Dimanche dernier, sous un ciel bleu resplendissant de soleil, Le Souich « le beau village » comme disaient les Anglais qui y cantonnèrent nombreux pendant la Grande Guerre, Le Souich était en fête. Il s’était paré avec un soin et un goût remarquables. Pour orner la principale rue et le monument aux morts, les nombreuses fleurs des jardins avaient été moissonnées, rassemblées, en gerbes, bouquets ou couronnes, elles étalaient leurs teintes variées et si gaies, garnissant de magnifiques arcs de triomphe, encadrant guirlandes et drapeaux. Joli mois… d’octobre, que de jolies fleurs tu as fait pousser dans les parterres de Le Souich :
Comme elle était belle la rue d’Arras.
Comme elle était engageante la montée du cimetière et de la coquette petite église ! Et comme il est gracieux le monument commémoratif élevé sur la petite place : le matin, une foule émue et recueillie assistait à la messe de Requiem.
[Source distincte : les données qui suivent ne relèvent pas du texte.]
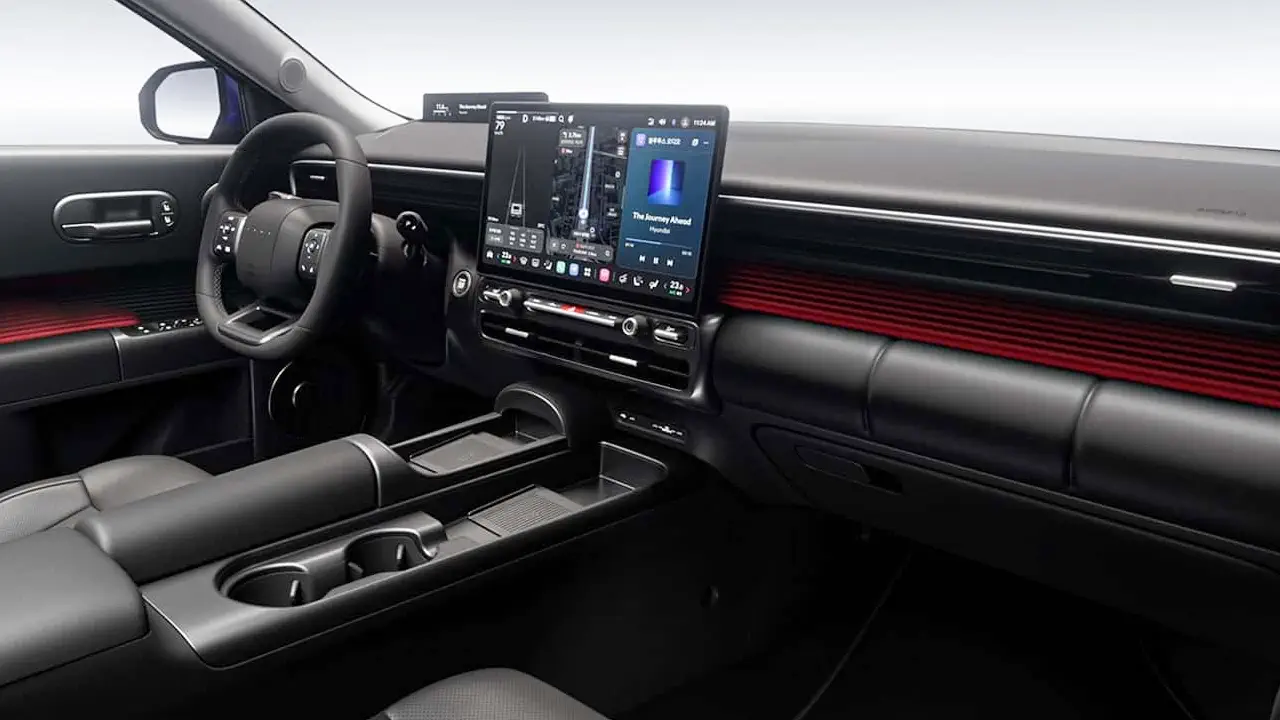 مدل ۲۰۲۷ هیوندای آوانته / الانترا در کره جنوبی رونمایی شد | The All-New Hyundai Avante / Elantra 2027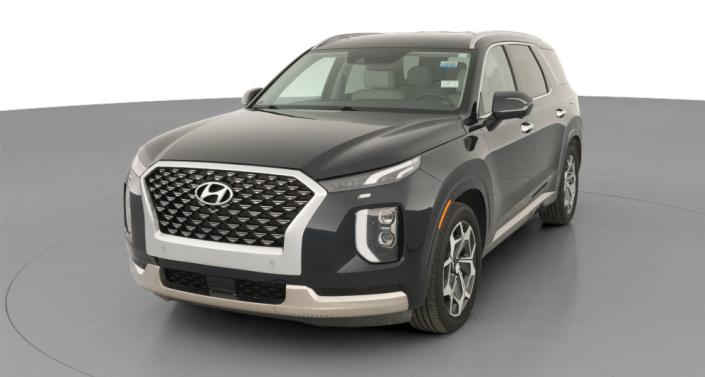 Thumbnail: 2022 Hyundai Palisade - 1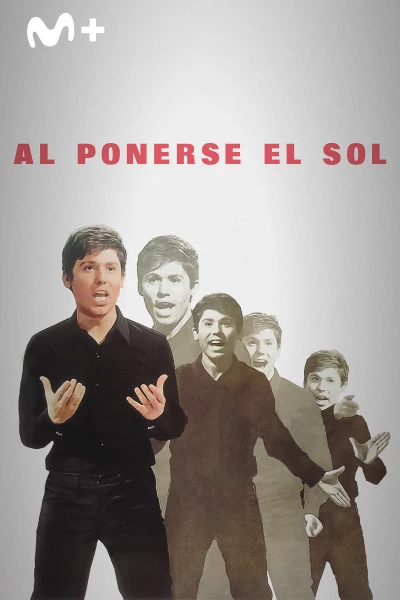 Al ponerse el sol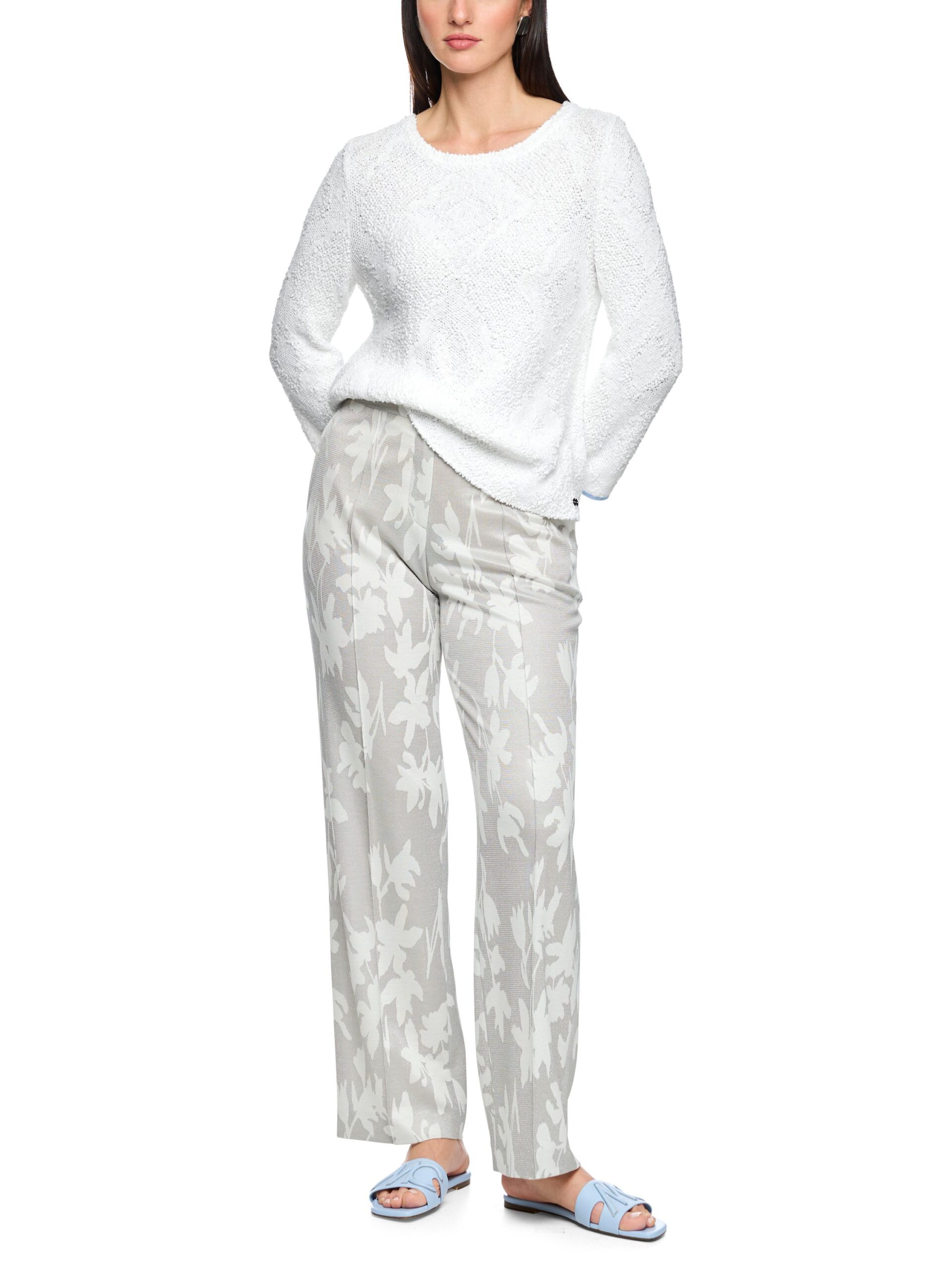 Marc Cain Collections Strickpullover "Knitted in Germany" – Bild 5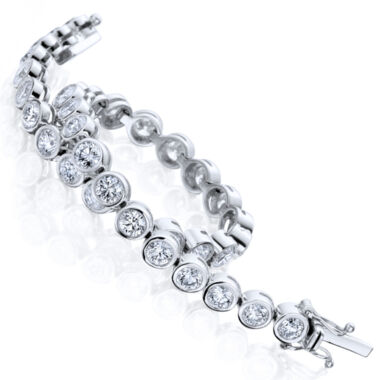 Pre-owned Diamond Bracelet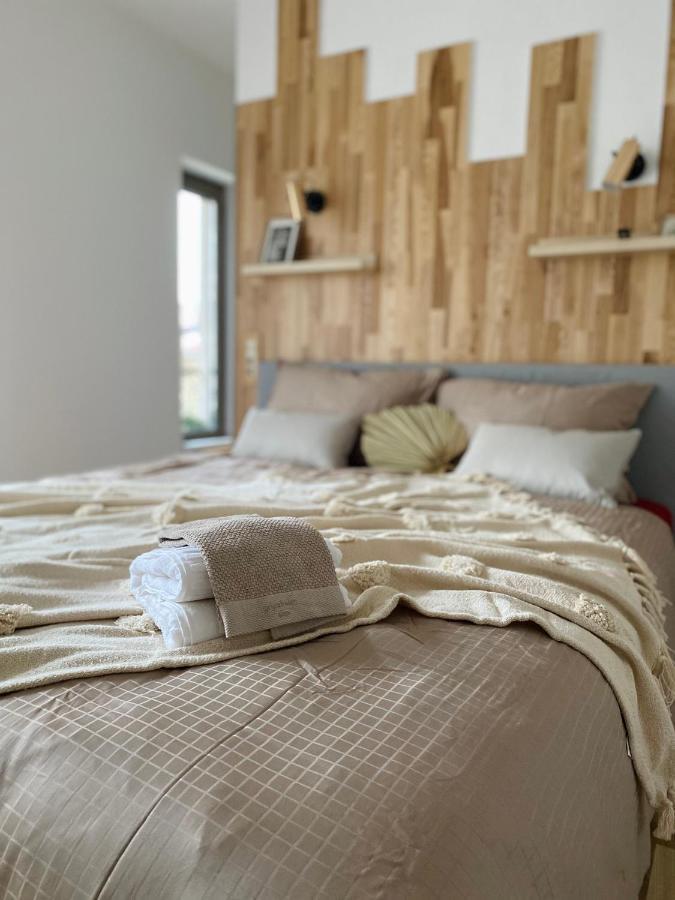 Târgu-Mureş Nook. The Design Apartment מראה חיצוני תמונה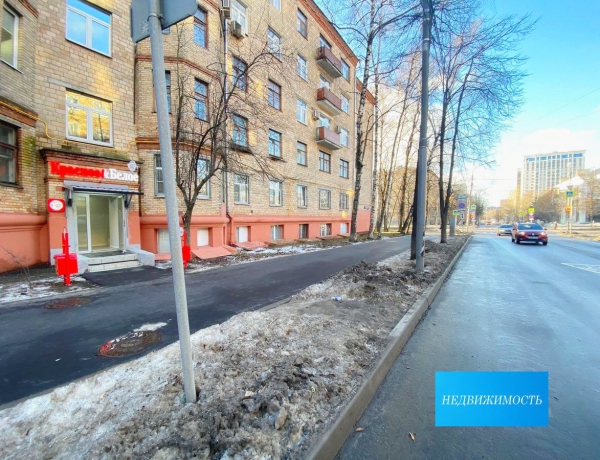 Продажа Цоколь ПСН 192 м² Верхняя Первомайская ул., 2/32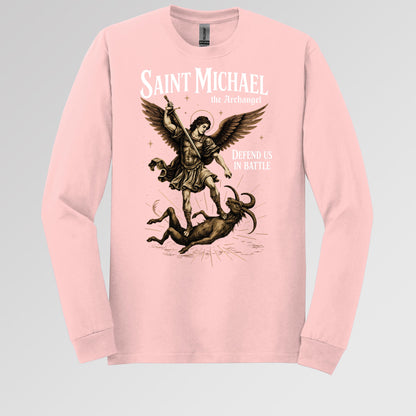 Saint Michael The Archangel 01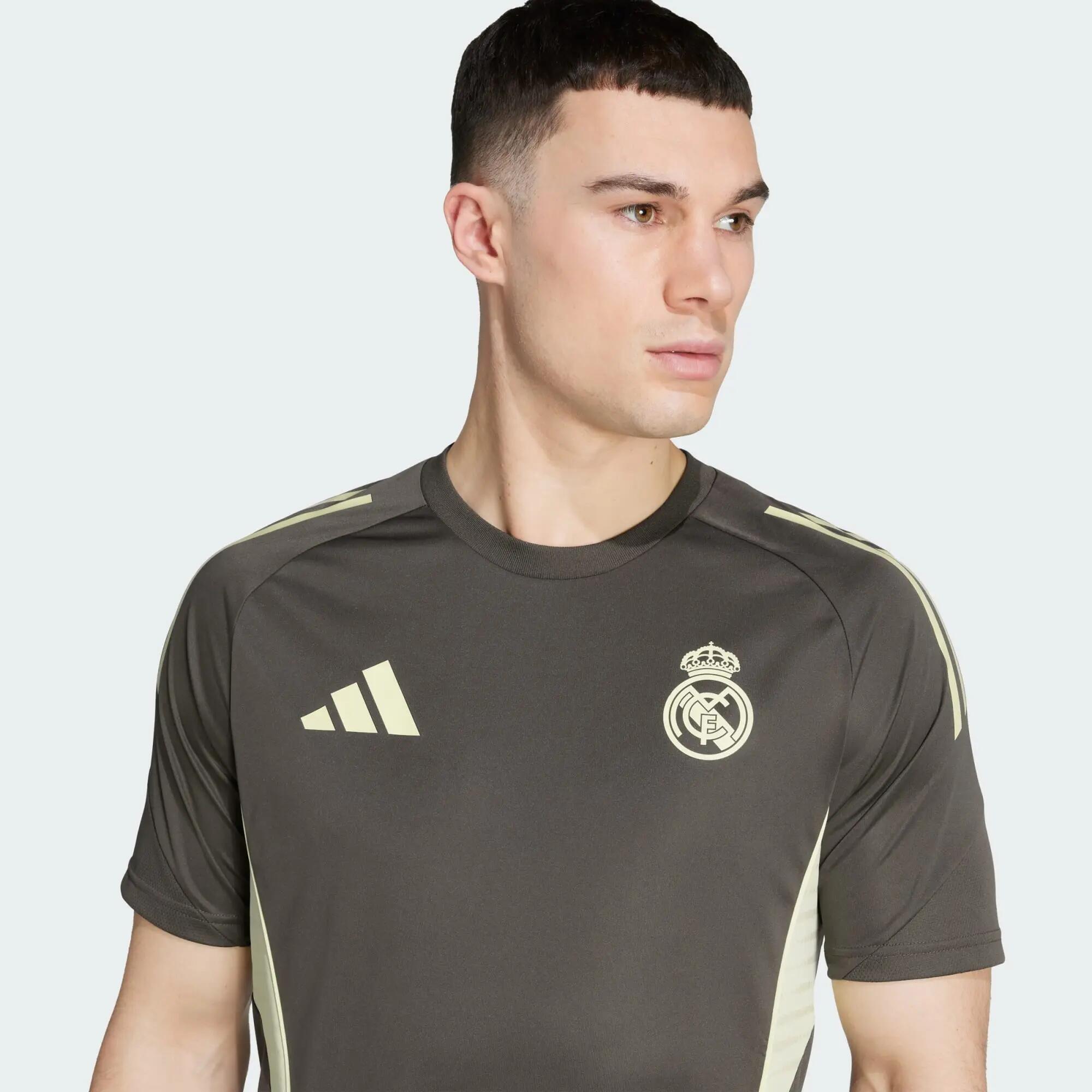 Camiseta entrenamiento Real Madrid Tiro 25 Competition 4/7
Du haut de la chaire, après avoir glorifié nos poilus « sublimes de courage et de dévouement, qui, sans cesser d’avoir dans les yeux l’image chérie de leur clocher, mouraient pieusement pour la Patrie », en des termes touchants, M. le Curé prononça de consolantes paroles. A l’offrande, en un interminable défilé, parents et amis des glorieux sacrifiés, allèrent s’incliner religieusement devant le catafalque du chœur, surmonté d’un casque de poilu, entouré de draperies de deuil où se mêlaient au noir et aux larmes argentées, le bleu, le blanc, et le rouge des drapeaux nationaux.
La messe terminée, les assistants visitèrent les tombes militaires et y déposèrent des brassées de fleurs. A 14 h 30, les tambours et les clairons sonnaient le rassemblement à l’est du village. Un imposant cortège se forma, ayant à sa tête deux braves vétérans de 1870 portant une palme de feuilles de chêne et de laurier en hommage à leurs émules si noblement « entrés dans la carrière » après eux. Et le défilé commença aux accents d’une marche funèbre exécutée par la fanfare de Bouquemaison. Dans un ordre parfait, avec une régularité étonnante, il se déroula grandiose jusqu’au pied du monument.
Alors eut la cérémonie de l’inauguration que présidait M. A. Petit, vice-président du Conseil Général du Pas-de-Calais, Premier Président de la Cour d’appel d’Amiens.
Nous n’entreprendrons pas dans toutes ses formes et tous ses détails le récit des solennels hommages adressés aux symboliques pierres destinées à commémorer les glorieux morts de Le Souich, mais nous tenons à souligner tout de suite l’habile direction qui a présidé à l’organisation de cette belle fête du souvenir et de la reconnaissance, l’esprit de concorde qui paraît régner dans la population, qui fut remarquable par son pieux recueillement.
A l’appel de chaque nom inscrit sur le marbre, un officier présentant le sabre, répondait : « Mort pour la France ».
La parole émue de M. le Maire, le discours de M. Bouillet, conseiller d’arrondissement, la longue mais ordonnée et claire improvisation de M. Am. Petit, qui sait si bien trouver l’expression qui frappe, la phrase qui chante et n’oublie jamais l’enseignement à retenir, les chants, les déclamations et la musique de la fanfare de Bouquemaison nous conduisirent jusqu’à la bénédiction religieuse qui fit couler les larmes restées par endroits opiniâtrement suspendues aux paupières.
Nous vîmes de gracieuses jeunes filles portant très heureusement le costume alsacien et lorrain ou représentant merveilleusement la « Belle France ». Nous entendîmes de très jolis chœurs vraiment bien exécutés. Nous fûmes particulièrement impressionnés par l’audition d’un poème récité avec autant d’art que de sentiment. Nous ajouterons que les remerciements adressés par M. le Maire à son collègue de Bouquemaison, à la fanfare et aux pompiers de cette commune qui prêtaient leur concours.
Dans le groupe des « Anciens Combattants », nous remarquâmes deux drapeaux : celui de Bouquemaison en avant et celui de Le Souich, vingt pas en arrière. Ceux qui se groupaient derrière ces étendards étaient les premiers au pied du monument. A les regarder, nous pensions : « Ils étaient avec ceux que nous pleurons ». Et tous bas, en nous-mêmes, à eux aussi, nous disions : « Braves poilus, merci ! ». M. le Maire, pas plus que nous, n’a osé le dire tout haut. Les remerciements en pareille circonstance, eut été les désobliger. Nous ne pouvons que nous réjouir de les voir si bien fraterniser et nous incliner devant eux.
La fête s’est terminée à la mairie où eut lieu la dislocation, après les vins d’honneur.
Belle manifestation qui laissera
une profonde impression à tous ceux qui y assistèrent.